This Sydney startup wants to reinvent your boring old Word docs

 By 
Ariel Bogle
 on 
Original image replaced with Mashable logo
Original image has been replaced. Credit: Mashable

The Sydney-based startup Qwilr wants to drag the decrepit document kicking and screaming into the 21st Century.

Cofounded by Dylan Baskind and Mark Tanner, the platform allows users to create simple, well-designed webpages with data and interactivity, instead of the static documents you might know from Microsoft Office, Google Docs or Apple Pages.

The idea came to Baskind when he was working as a freelance designer and developer, Tanner told Mashable Australia. He would create a website to distinguish himself from big agencies when pitching for projects, but it was a continual frustration how long they took to build.

Qwilr was born when Tanner, who had been working in New York at Google, connected with Baskind at a wedding in Sydney. Now they have a team of five, and on Thursday announced a A$500,000 seed funding round from local investors including Sydney Seed Fund and Macdoch Ventures.

Original image replaced with Mashable logo
Original image has been replaced. Credit: Mashable

According to Tanner, the basic idea is that while it is easy for anyone to create a document, documents are "fundamentally rubbish."
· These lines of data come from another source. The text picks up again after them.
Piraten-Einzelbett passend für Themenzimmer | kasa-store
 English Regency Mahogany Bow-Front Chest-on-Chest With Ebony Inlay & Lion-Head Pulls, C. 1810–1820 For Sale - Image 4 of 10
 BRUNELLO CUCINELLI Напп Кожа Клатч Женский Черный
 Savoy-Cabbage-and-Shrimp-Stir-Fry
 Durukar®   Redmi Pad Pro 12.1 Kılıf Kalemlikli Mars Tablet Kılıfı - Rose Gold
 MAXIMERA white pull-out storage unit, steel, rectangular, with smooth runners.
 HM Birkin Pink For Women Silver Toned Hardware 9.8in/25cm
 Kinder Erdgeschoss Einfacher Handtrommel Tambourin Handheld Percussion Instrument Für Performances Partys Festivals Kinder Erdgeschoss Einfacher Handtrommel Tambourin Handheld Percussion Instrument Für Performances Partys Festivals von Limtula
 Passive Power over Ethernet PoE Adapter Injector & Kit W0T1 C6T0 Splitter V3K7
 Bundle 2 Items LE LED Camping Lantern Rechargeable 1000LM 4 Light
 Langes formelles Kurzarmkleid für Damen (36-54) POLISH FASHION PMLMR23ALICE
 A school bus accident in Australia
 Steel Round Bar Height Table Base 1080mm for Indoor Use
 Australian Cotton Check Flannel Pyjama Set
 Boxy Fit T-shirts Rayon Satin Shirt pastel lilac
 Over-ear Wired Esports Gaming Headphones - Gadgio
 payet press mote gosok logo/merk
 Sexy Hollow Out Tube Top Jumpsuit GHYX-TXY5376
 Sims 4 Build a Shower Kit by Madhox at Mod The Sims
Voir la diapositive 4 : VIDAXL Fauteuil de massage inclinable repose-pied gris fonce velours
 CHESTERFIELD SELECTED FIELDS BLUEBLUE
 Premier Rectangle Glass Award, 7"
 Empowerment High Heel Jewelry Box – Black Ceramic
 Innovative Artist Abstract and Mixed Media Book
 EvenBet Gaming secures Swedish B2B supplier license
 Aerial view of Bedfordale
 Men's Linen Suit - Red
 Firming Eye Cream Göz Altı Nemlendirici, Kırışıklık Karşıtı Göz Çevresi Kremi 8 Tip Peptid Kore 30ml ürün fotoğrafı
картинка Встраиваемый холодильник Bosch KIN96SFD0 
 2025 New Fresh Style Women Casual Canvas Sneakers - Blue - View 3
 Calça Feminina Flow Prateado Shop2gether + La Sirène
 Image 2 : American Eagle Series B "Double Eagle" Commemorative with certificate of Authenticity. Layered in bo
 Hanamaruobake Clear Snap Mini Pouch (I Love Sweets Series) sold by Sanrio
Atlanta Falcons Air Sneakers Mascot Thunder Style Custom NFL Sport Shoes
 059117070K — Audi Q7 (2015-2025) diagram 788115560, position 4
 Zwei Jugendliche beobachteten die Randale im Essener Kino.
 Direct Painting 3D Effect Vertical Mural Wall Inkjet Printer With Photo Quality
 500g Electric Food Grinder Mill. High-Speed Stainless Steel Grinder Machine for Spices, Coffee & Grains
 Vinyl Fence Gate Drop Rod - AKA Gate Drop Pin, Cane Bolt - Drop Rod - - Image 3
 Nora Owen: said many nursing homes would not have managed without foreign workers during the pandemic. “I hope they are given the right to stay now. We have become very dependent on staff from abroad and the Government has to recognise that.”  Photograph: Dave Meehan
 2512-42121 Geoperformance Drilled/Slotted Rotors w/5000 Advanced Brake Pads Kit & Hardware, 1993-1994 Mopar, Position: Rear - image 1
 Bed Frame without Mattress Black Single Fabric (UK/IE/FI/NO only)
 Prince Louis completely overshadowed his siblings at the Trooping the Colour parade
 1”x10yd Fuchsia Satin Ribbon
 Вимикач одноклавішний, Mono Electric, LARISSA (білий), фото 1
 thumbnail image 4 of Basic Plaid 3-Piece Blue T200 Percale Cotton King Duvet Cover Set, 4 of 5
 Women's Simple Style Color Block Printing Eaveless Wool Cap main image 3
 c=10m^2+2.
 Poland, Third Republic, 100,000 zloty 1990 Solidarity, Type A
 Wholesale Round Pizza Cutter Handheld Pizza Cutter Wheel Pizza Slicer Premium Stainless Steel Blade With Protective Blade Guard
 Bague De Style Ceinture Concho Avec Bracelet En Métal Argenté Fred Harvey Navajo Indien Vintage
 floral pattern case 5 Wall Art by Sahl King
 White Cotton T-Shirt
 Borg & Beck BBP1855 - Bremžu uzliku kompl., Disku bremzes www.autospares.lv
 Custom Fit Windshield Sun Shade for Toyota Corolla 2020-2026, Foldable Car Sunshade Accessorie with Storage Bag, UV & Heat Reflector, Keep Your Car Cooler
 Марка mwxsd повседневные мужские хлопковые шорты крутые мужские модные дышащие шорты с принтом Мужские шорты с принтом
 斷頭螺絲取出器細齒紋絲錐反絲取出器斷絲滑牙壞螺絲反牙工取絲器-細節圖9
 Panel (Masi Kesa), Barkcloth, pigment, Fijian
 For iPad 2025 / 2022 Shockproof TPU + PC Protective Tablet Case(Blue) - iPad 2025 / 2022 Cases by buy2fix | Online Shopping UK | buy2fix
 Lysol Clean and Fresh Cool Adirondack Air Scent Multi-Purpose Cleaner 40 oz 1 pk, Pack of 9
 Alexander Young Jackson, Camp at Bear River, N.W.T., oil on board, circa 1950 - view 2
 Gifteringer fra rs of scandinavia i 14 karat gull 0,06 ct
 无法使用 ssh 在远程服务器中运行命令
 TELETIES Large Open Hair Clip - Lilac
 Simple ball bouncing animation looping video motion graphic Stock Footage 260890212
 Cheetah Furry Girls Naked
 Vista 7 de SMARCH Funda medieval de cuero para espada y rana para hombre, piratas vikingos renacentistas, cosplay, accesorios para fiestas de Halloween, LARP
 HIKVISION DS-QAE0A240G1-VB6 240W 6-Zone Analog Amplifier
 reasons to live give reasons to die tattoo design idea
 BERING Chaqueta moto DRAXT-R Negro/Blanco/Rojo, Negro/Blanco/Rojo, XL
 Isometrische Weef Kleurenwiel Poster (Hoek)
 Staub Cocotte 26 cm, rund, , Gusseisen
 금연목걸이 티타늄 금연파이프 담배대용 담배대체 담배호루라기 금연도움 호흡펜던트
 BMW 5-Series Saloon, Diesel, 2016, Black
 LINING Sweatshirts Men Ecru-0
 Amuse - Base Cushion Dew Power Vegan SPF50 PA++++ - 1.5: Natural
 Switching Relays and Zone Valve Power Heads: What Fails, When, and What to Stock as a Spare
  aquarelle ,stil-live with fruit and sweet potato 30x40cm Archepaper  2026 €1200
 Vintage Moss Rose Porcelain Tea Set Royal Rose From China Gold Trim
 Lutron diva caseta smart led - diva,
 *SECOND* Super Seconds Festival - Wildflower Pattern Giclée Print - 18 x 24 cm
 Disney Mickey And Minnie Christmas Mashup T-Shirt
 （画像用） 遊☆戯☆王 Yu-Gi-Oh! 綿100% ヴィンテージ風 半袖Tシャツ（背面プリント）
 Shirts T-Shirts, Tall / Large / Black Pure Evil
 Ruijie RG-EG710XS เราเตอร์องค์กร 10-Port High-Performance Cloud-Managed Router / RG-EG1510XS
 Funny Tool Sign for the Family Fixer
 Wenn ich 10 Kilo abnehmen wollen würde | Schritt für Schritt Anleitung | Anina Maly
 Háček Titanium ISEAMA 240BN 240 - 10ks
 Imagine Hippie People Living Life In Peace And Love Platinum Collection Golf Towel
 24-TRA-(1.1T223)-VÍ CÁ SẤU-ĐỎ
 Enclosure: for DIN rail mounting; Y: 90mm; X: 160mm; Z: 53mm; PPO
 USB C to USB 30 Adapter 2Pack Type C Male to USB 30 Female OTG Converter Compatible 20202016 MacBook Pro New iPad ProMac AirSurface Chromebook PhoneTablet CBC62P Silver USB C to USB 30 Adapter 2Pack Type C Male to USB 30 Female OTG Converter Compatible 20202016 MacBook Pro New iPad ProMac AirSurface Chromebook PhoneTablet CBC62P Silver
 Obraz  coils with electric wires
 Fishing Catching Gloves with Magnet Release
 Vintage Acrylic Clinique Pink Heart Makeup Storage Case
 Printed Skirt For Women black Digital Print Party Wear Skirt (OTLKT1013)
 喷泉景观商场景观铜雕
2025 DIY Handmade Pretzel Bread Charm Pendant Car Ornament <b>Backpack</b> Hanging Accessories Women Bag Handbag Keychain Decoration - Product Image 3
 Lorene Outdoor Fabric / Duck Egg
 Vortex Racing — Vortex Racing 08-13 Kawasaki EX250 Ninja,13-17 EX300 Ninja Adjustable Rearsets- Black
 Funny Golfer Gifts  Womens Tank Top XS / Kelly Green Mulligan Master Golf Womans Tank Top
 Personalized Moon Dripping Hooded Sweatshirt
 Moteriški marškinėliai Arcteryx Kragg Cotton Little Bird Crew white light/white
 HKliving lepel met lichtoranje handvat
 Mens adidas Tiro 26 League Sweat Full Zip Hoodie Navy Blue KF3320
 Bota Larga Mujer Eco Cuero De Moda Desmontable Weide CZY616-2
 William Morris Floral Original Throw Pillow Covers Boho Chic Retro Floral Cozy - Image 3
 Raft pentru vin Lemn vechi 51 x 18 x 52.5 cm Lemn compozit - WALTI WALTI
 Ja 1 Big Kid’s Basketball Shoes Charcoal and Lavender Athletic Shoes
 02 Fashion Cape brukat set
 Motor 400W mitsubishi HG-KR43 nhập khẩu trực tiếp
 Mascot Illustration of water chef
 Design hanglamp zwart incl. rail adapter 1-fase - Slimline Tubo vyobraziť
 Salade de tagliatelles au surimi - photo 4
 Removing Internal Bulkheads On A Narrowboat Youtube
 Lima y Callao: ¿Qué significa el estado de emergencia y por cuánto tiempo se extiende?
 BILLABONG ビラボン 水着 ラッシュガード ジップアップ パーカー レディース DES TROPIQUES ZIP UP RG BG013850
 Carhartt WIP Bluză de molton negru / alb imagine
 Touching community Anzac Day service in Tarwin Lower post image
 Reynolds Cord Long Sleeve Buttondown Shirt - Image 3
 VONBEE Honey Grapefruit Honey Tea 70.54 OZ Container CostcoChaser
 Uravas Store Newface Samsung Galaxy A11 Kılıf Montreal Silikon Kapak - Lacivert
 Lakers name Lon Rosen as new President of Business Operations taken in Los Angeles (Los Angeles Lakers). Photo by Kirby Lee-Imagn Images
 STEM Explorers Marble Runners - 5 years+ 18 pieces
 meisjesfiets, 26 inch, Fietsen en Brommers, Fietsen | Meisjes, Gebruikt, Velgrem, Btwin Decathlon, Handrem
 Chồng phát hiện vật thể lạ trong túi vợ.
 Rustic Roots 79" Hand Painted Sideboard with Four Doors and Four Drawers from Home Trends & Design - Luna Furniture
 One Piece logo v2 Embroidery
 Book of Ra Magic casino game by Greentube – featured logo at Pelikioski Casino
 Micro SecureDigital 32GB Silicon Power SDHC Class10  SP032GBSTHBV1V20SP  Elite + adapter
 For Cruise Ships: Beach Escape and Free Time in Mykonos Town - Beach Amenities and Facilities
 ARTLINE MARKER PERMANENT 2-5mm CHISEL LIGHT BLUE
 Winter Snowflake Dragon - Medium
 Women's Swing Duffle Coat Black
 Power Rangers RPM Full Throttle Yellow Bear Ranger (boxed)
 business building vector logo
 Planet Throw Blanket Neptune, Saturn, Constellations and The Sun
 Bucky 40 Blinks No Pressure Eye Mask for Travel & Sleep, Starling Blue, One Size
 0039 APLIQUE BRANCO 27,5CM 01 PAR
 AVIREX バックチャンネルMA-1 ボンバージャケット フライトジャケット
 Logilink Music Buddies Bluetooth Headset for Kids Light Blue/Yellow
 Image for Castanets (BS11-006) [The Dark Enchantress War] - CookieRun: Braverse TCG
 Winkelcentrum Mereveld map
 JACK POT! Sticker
"They haven't evolved, they haven't changed in the last thirty years," Tanner said. "They're A4 pieces of paper that live in the cloud ... usually ugly and always deliberately unintelligent." Qwilr, on the other hand, lets users make a simple, easy-to-build webpage instead of a document -- with plugins like Google Maps, video and analytics.

Although the interface looks and works similarly to website builders like Squarespace, Tanner said Qwilr was different because you can use the platform to make quick, one-off online pages for a presentation, report or CV. "Our biggest users have made into the thousands of documents," Tanner said.

Original image replaced with Mashable logo
Original image has been replaced. Credit: Mashable

Qwilr now has client companies in about 30 countries, as well as several thousand users.

The startup has had paying customers since launch, Tanner said. It operates on a freemium model -- users can create basic online documents free of charge, but to get benefits like analytics, monthly fees start at A$29. The team will also create customised packages for enterprise.

Tanner said the recent funding round would allow the startup to scale, as well as invest in good engineering and digital marketing talent.

Original image replaced with Mashable logo
Original image has been replaced. Credit: Mashable

Although Australians are used to hearing complaints about the country's small startup scene, Tanner said Sydney had been good to Qwilr. Thanks to companies with Sydney offices like Google and Atlassian, he said, there are first rate engineers in town. Raising money has also gotten a lot easier, he added.

As well as Qwilr, he pointed to Canva, DesignCrowd and 99designs as other names behind an emerging Australian trend of startups marrying engineering and design.

"It's nice to do this in your home town," Tanner said. "As long as you've got the core foundation of talent and support ... it's all good."